**YOUR ASSIGNMENT:**
Repeat each entry as written, dropping any picture you find.

:: DATA RECORDS

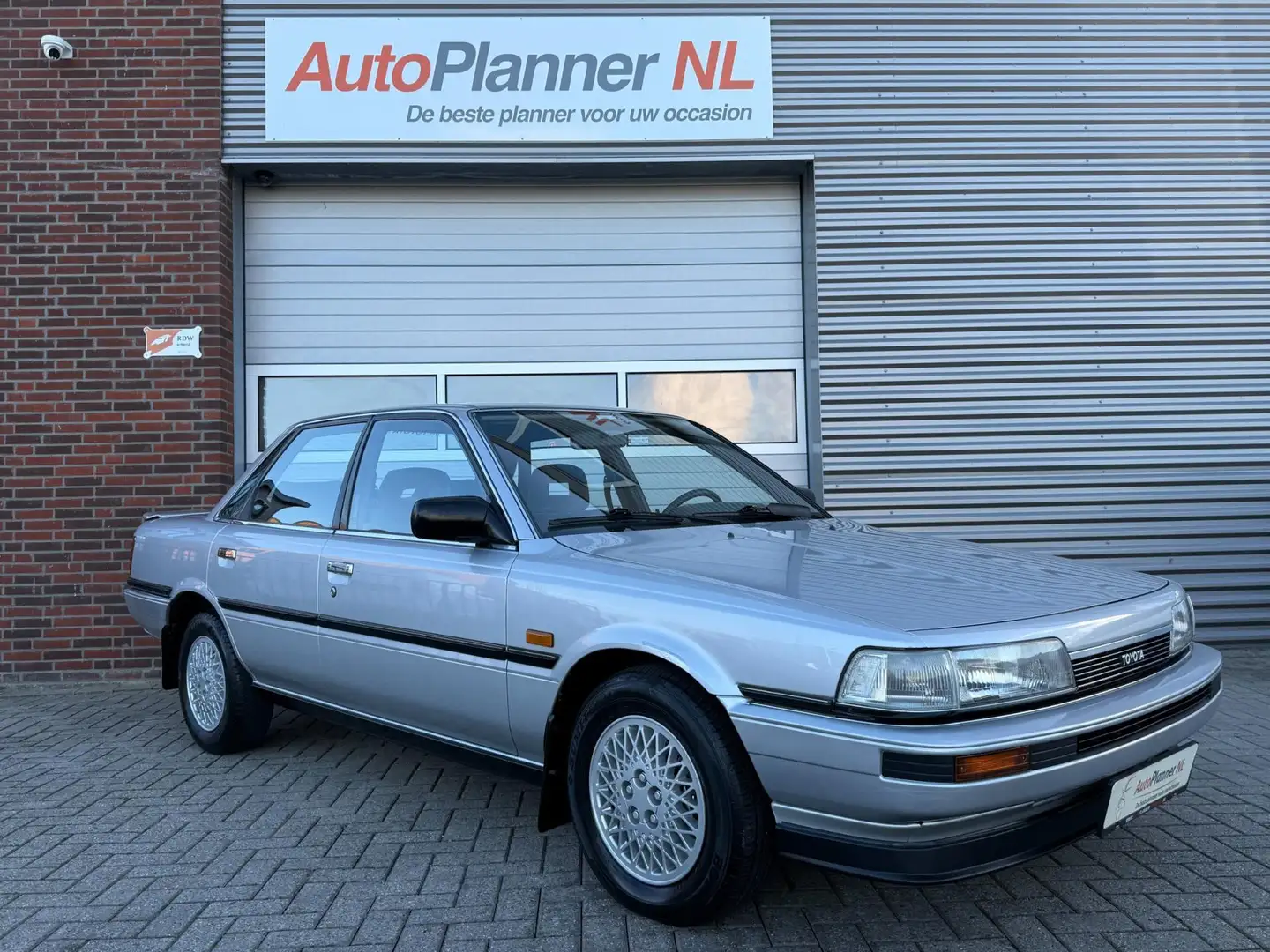 Toyota Camry 2.0 Turbodiesel XL! Lage kmstand! Uniek! Gris - 1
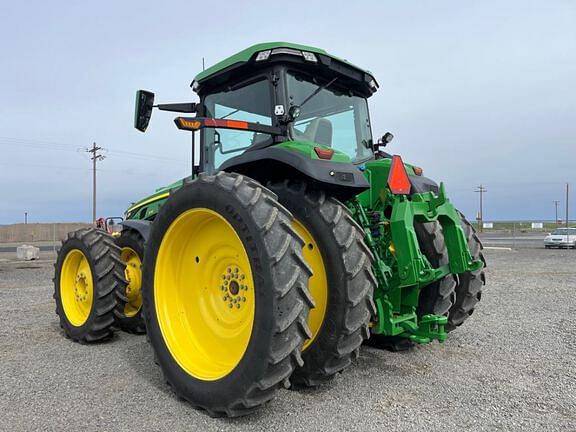 Image of John Deere 8R 370 equipment image 2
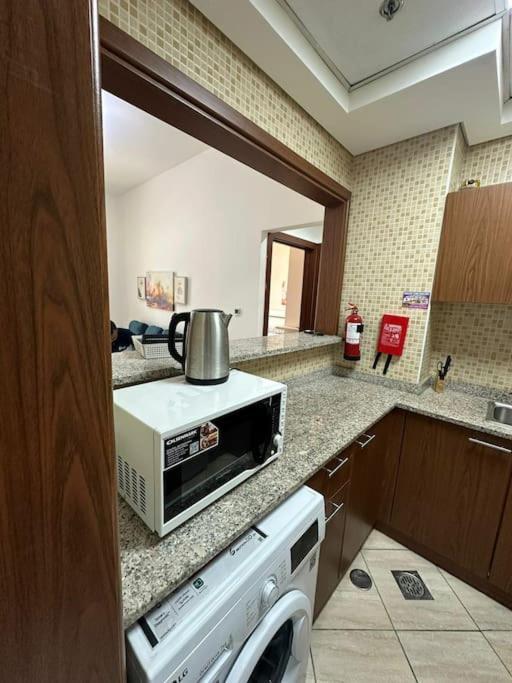 Apartment One Private Bathroom Tub Gym Free Parking *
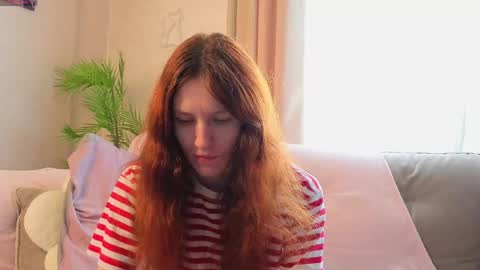 Snapshot of little_red_rosy chatting on 2, 6, 2026 Rosy online show from 2, 6, 2026
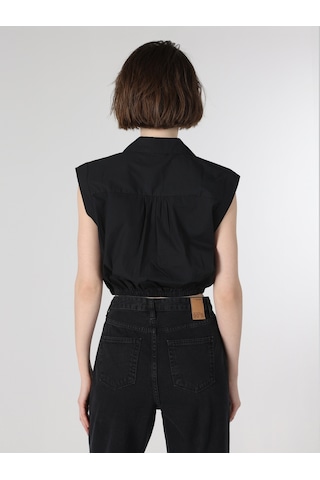Colin's Regular Fit Cepli Crop Siyah Kadın Kısa Kol Gömlek CL1063852_Q1.V1_BLK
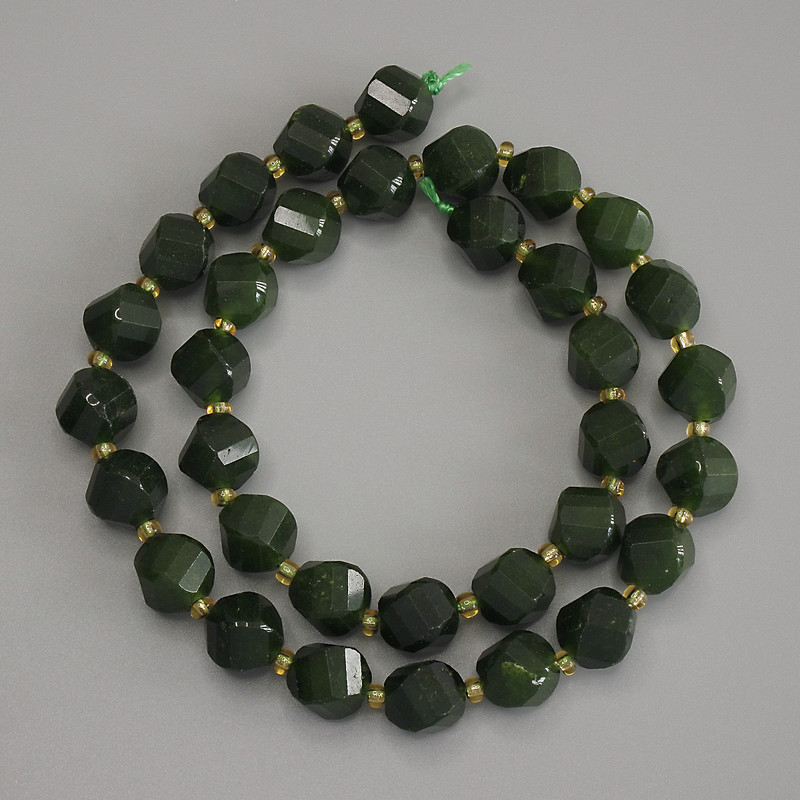 Chrysoprase Faceted Rhombus Beads, diameter 10x8.5mm+- with 3mm+- seed beads, length 39cm+- on a thread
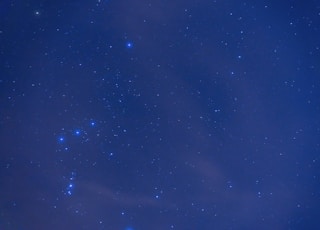 blue sky with stars during night time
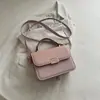 Bolso de mano patchwork monogramado estilo coreano con cierre de candado, un bolso de hombro moderno y minimalista, un bolso cuadrado pequeño adecuado para uso casual y para ir al trabajo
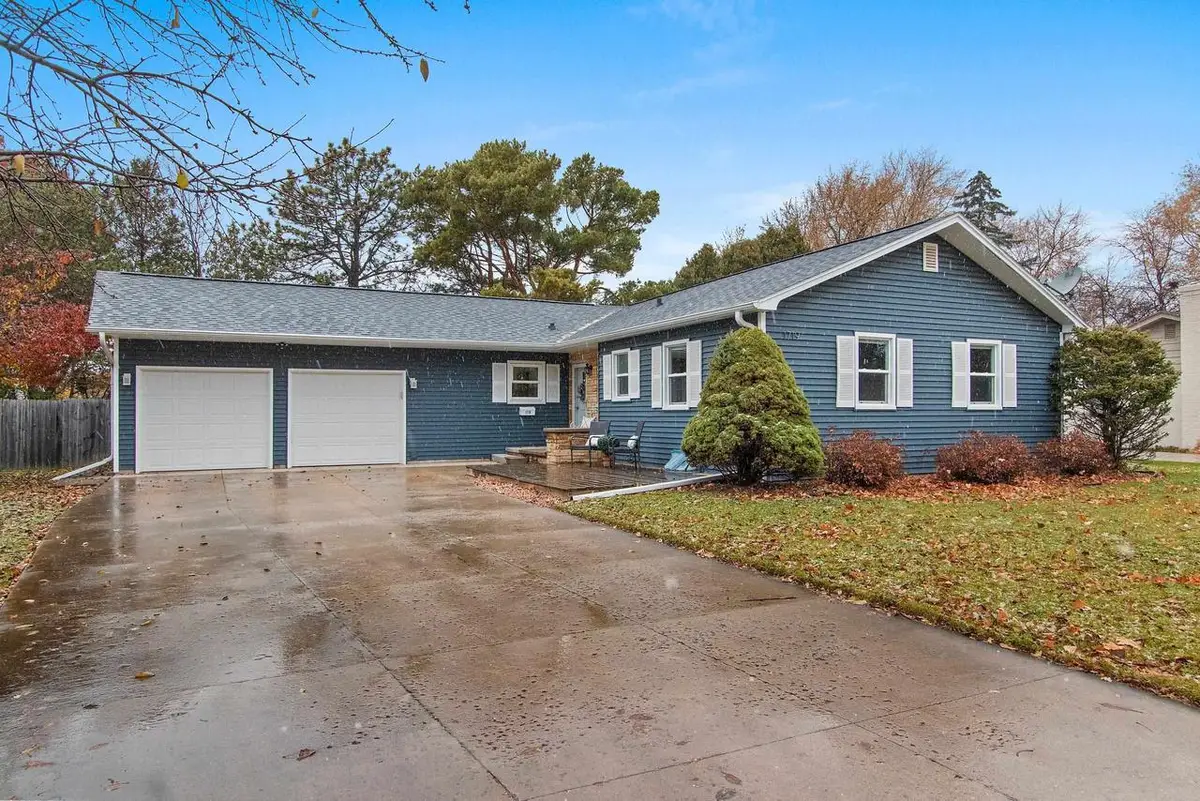 1719 S PERKINS STREET, Appleton, WI 54914 - Image #1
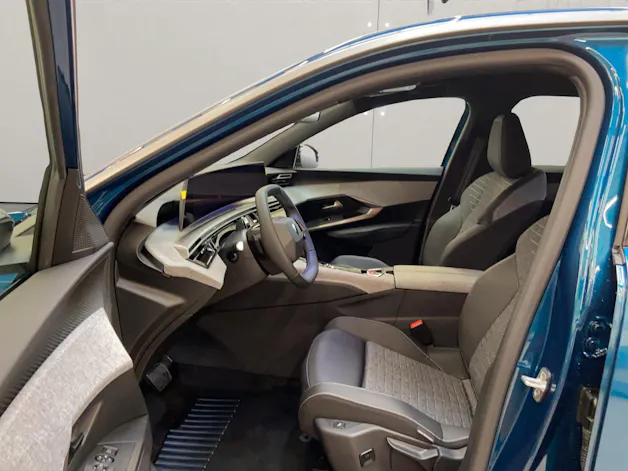 PEUGEOT 3008 1.6 PHEV 225 Allure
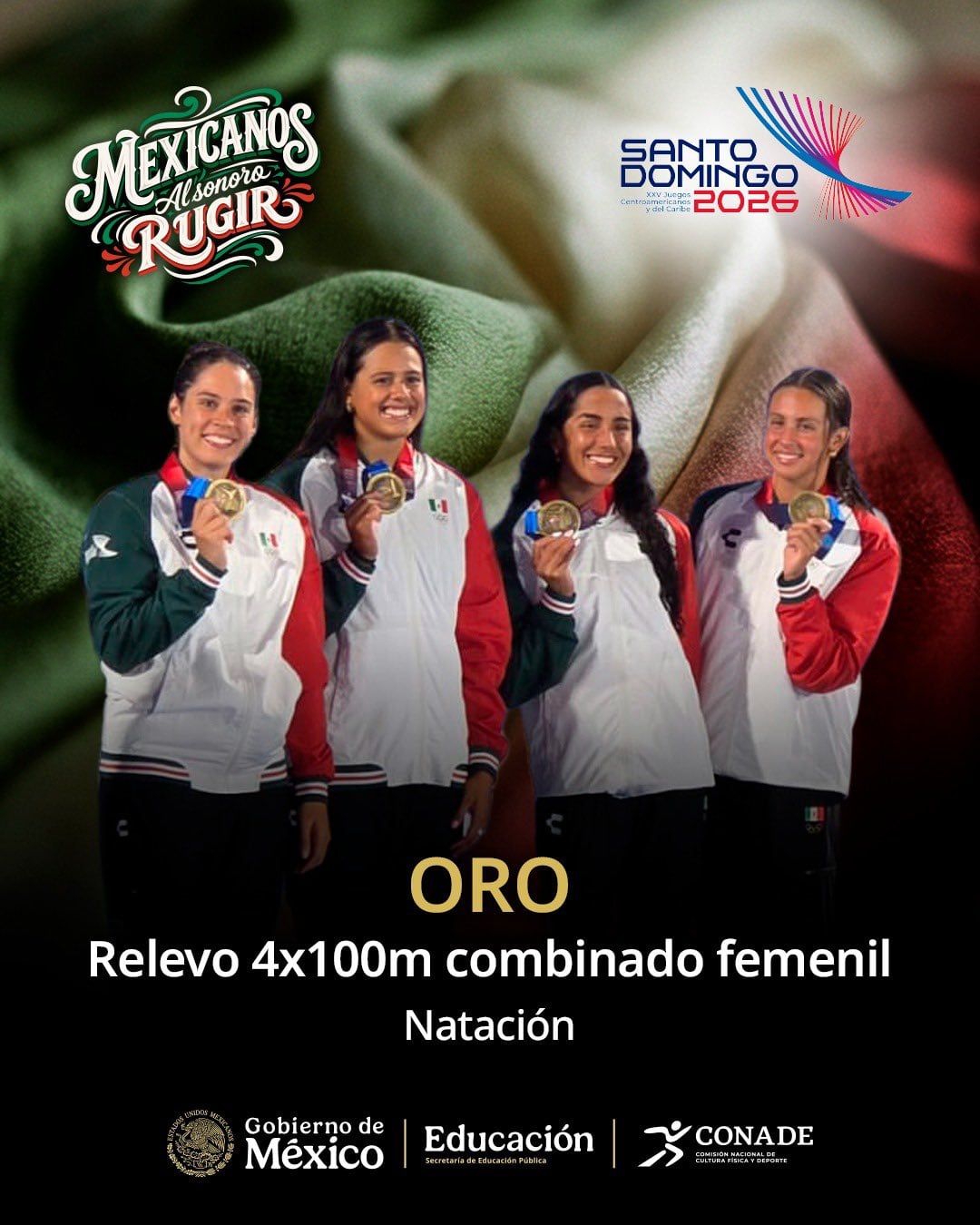 El equipo mexicano de natación femenil muestra sus medallas de oro tras ganar el relevo 4x100m combinado en los Juegos Centroamericanos y del Caribe Santo Domingo 2026. (X / CONADE )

::::

**SOLUTION:**
 Toyota Camry 2.0 Turbodiesel XL! Lage kmstand! Uniek! Gris - 1
 Image of John Deere 8R 370 equipment image 2
 Apartment One Private Bathroom Tub Gym Free Parking *
 Snapshot of little_red_rosy chatting on 2, 6, 2026 Rosy online show from 2, 6, 2026
Colin's Regular Fit Cepli Crop Siyah Kadın Kısa Kol Gömlek CL1063852_Q1.V1_BLK
 Chrysoprase Faceted Rhombus Beads, diameter 10x8.5mm+- with 3mm+- seed beads, length 39cm+- on a thread
 blue sky with stars during night time
 Bolso de mano patchwork monogramado estilo coreano con cierre de candado, un bolso de hombro moderno y minimalista, un bolso cuadrado pequeño adecuado para uso casual y para ir al trabajo
 1719 S PERKINS STREET, Appleton, WI 54914 - Image #1
 PEUGEOT 3008 1.6 PHEV 225 Allure
 El equipo mexicano de natación femenil muestra sus medallas de oro tras ganar el relevo 4x100m combinado en los Juegos Centroamericanos y del Caribe Santo Domingo 2026. (X / CONADE )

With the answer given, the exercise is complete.